Aim of the task:
Only the lines from the opening of the material through the one containing "Renault Arkana Alpine Esprit Hybrid TCe 160" should be reproduced, each exactly as it stands.

Source data:
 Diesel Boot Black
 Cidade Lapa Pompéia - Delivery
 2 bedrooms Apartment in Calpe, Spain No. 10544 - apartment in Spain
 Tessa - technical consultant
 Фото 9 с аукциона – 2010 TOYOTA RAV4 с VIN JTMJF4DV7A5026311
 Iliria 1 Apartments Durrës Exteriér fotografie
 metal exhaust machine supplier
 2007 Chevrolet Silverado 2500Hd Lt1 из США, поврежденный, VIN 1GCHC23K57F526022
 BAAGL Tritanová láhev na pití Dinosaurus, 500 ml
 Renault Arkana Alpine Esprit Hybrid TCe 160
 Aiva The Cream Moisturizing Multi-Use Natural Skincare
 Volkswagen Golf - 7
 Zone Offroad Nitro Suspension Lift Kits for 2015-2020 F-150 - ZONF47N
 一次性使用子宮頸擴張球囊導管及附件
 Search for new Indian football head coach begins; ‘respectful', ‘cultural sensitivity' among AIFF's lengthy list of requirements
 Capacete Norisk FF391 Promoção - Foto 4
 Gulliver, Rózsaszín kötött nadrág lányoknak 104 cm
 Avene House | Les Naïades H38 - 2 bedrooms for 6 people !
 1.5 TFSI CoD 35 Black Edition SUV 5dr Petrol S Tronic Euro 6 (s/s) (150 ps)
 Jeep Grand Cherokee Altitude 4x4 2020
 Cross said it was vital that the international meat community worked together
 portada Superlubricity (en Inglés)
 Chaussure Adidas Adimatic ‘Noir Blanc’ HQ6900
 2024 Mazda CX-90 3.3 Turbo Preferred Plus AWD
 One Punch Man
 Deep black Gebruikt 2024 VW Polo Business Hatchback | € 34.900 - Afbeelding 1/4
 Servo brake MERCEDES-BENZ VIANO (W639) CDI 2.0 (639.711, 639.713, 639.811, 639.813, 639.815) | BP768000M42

Finished exercise:
 Diesel Boot Black
 Cidade Lapa Pompéia - Delivery
 2 bedrooms Apartment in Calpe, Spain No. 10544 - apartment in Spain
 Tessa - technical consultant
 Фото 9 с аукциона – 2010 TOYOTA RAV4 с VIN JTMJF4DV7A5026311
 Iliria 1 Apartments Durrës Exteriér fotografie
 metal exhaust machine supplier
 2007 Chevrolet Silverado 2500Hd Lt1 из США, поврежденный, VIN 1GCHC23K57F526022
 BAAGL Tritanová láhev na pití Dinosaurus, 500 ml
 Renault Arkana Alpine Esprit Hybrid TCe 160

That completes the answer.